Some authorities are also found collected on page 424 (94 Am. St. Rep.) of the note to the case of N. O. & Northern R. R. Co. v. La. Construction Co., supra. Under one of the cases cited in said note, The Village of Ft. Edward v. Fish, 156 N. Y. 363, 50 N. E. 973, it was said in the opinion that the doctrine of voluntary payment “applies to individuals who have power to do as they wish with their own, but it does not' apply to an agent of a municipal corporation who pays out its money without power, to one who accepts it with knowledge. * * * Such a payment is not voluntarily made by the corporation, but by its agent in excess of his authority and in defiance of its rights.”
(2) So, in the present case, it is conceded by counsel that the court of county commissioners acted upon a supposed authority of an act of the Legislature of August 26, 1909 (Acts Sp. Sess. 1909, p. 304), and that under the decisions of this court such appropriation by the commissioners’ court of this portion of the special road tax was without authority and void, for that the act upon which said court rested its action was in violation of the latter part of section 215 of the Constitution. That provision of the Constitution stipulated that this tax in question should be applied exclusively to the purpose for which the same was levied and collected, and which, according to the decisions of this court, were the public roads of the county and not the streets of the cities. When, therefore, the city of Demopolis presented this claim for payment, it. presented and demanded the payment of a void and illegal claim, and when the same was paid, the said city received money to which it had no legal, valid, or just claim.

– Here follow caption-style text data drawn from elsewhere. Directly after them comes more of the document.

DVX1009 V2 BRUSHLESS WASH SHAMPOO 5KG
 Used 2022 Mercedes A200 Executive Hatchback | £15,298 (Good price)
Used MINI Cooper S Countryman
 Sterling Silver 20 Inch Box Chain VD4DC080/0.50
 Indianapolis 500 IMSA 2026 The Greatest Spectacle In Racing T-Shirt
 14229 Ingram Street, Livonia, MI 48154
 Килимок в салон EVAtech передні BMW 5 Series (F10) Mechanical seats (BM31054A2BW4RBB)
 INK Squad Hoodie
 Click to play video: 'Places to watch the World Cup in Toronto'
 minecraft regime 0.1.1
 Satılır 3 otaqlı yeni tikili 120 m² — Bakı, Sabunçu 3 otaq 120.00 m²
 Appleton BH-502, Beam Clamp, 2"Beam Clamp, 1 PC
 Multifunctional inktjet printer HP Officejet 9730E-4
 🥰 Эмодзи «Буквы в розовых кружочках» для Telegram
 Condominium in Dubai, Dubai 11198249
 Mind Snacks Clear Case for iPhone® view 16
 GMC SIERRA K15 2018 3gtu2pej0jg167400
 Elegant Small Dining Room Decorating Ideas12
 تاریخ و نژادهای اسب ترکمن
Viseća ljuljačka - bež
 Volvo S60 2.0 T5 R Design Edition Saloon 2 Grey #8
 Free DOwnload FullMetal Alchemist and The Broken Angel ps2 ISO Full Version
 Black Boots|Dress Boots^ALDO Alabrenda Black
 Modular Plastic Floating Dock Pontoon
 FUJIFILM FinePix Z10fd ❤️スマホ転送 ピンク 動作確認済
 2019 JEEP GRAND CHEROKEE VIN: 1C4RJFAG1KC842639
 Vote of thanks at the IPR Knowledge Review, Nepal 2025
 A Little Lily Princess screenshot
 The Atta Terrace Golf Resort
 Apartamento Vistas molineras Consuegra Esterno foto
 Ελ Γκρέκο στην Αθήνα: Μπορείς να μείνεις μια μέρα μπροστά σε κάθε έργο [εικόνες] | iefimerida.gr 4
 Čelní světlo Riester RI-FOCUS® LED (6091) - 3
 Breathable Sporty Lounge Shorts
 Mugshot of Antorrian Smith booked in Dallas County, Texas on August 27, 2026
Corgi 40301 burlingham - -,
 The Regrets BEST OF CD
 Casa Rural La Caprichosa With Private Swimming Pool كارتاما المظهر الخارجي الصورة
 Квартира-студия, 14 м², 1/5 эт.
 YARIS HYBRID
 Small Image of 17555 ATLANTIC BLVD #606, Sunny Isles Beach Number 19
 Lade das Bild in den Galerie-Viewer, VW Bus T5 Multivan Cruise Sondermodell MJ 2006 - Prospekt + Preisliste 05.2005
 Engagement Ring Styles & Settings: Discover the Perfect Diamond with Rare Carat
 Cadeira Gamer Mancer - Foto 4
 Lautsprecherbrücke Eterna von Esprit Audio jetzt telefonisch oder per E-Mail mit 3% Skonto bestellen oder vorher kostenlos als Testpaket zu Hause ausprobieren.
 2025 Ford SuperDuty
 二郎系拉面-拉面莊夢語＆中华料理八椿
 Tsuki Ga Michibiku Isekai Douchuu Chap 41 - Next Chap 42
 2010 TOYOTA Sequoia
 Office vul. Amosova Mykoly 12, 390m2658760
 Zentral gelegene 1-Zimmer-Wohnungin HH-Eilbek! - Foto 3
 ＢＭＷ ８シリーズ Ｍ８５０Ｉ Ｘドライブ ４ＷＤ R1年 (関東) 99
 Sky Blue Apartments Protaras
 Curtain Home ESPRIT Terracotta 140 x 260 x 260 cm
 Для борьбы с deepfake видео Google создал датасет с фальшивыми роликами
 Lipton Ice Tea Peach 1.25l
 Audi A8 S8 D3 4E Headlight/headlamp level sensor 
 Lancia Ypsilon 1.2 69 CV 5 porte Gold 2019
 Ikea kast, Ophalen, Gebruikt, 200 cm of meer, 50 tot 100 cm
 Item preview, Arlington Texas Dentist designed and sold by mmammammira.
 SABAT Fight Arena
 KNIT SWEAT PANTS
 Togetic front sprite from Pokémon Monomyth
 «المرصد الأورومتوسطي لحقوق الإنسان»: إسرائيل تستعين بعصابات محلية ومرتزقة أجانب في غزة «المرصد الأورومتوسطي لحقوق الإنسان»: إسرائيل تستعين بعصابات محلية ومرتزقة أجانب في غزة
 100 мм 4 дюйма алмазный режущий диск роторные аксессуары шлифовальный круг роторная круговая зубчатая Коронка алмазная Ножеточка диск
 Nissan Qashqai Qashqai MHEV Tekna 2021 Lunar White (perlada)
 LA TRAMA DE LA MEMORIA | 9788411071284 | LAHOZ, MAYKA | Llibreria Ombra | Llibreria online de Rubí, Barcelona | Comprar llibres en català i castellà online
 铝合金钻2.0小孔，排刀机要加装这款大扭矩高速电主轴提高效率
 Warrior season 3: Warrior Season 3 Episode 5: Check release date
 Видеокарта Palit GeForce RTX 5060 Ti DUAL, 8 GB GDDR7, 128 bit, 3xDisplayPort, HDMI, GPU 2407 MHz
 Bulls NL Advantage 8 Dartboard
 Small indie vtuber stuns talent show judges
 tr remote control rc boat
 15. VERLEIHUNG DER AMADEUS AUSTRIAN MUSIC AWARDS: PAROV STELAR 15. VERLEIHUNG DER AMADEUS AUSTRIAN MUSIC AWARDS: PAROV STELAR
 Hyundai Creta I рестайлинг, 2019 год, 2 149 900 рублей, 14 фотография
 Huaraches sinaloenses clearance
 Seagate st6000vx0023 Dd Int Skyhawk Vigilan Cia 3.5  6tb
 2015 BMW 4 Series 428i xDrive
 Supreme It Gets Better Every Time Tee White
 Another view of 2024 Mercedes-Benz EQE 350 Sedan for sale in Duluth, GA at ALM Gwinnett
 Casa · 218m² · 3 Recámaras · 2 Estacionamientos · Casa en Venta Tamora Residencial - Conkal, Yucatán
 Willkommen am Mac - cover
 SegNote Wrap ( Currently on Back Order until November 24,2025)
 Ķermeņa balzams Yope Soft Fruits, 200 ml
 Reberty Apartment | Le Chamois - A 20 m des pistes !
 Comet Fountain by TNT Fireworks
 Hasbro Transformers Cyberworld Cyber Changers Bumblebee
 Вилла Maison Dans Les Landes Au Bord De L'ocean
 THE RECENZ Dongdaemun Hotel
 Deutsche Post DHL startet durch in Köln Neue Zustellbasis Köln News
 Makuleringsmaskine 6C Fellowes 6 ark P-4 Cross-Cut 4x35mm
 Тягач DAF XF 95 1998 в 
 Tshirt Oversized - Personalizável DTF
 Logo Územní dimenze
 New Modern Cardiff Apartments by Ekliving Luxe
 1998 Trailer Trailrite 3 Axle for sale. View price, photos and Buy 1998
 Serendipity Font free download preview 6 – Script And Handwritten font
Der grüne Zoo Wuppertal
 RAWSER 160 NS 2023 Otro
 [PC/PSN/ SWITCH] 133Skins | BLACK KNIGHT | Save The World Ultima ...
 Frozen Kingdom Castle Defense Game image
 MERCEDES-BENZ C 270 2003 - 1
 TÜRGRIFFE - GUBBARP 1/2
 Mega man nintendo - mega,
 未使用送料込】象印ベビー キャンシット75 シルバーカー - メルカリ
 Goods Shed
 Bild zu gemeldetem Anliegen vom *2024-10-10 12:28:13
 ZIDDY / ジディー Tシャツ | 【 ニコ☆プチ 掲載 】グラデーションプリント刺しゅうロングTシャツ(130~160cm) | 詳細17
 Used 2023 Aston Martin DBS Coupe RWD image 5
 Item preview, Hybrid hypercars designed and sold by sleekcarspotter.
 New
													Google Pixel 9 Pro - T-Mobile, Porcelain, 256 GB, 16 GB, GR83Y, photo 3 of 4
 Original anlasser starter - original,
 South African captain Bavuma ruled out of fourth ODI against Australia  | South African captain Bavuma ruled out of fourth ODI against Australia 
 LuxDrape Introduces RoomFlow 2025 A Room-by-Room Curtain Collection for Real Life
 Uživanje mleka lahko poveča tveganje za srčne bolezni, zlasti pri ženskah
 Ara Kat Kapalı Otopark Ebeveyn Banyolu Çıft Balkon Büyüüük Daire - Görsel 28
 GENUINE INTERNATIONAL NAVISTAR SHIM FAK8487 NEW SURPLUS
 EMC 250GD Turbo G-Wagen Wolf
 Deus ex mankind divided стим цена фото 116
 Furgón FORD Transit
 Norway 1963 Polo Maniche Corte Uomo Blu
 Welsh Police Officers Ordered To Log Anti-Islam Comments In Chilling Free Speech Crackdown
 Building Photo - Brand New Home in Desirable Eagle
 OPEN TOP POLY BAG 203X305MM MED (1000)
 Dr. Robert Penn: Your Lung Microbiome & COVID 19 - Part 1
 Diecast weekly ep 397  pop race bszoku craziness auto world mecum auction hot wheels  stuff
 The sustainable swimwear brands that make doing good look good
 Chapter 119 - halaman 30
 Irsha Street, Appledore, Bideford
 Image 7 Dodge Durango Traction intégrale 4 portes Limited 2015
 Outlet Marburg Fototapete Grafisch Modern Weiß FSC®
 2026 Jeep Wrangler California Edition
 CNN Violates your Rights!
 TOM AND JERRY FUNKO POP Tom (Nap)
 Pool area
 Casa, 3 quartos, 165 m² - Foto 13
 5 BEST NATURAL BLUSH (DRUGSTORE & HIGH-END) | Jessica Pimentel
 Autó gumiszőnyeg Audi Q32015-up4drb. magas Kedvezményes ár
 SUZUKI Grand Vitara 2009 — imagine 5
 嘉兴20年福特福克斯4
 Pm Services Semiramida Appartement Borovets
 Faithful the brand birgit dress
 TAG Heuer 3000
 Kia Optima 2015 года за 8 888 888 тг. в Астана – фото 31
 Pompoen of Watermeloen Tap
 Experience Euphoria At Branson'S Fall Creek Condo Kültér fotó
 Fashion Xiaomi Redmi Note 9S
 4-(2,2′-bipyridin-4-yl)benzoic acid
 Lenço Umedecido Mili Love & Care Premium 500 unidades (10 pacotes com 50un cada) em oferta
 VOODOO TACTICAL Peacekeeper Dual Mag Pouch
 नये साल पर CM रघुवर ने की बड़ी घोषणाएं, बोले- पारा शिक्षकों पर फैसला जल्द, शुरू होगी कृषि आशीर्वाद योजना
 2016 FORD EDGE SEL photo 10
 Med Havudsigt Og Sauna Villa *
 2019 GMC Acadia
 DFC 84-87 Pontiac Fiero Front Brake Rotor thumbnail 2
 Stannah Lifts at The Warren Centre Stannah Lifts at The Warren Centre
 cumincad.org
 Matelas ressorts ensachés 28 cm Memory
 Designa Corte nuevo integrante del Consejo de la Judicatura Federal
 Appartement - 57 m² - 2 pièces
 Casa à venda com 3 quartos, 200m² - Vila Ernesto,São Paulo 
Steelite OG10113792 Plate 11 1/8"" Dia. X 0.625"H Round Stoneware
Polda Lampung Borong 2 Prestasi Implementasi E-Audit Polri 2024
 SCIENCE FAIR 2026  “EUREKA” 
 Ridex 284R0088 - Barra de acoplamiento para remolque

(3) As said by this court in Mobile County v. Williams, supra: “This was, in a legal sense, a misappropriation by the appellee, through the court of commissioners of the county, of the public funds of the county. Tt was no payment by the county. The latter, as the principal, had no part in the payment. It' could not, as a public corporation, be held to the consent to the payment of, or expenditure of, the public money, in defiance of law. Awarding to the appellee this money, under the alleged *219facts, was, in a legal sense, equivalent to an unlawful appropriation of the county’s money to his own use by the aid of its board of county commissioners.’ ”
There is no room here for the appellant to invoke the rule as to the discretionary power of the court of county commissioners over the public roads of the county or funds expended for that purpose. As to this special road tax the Constitution was explicit, and under the decisions of this court they were without authority to appropriate this fund, or any portion thereof, to the city of Demopolis for its streets. Acting, therefore, in excess of their authority, the order made was void, and the payment of the money amounted to a misappropriation of the funds of the county and the authorities herein cited clearly show a right of recovery therefor. The briefs of counsel have treated the rulings of the court below on the pleadings as properly pre-' senting the meritorious questions here involved on which to base our determination of the case, and we have so considered the same, without any specific reference to the particular pleadings shown. Our conclusion is that the judgment of the court below be affirmed, which is accordingly done.
Affirmed.
Anderson, C. J., and Somerville and Thomas, JJ., concur.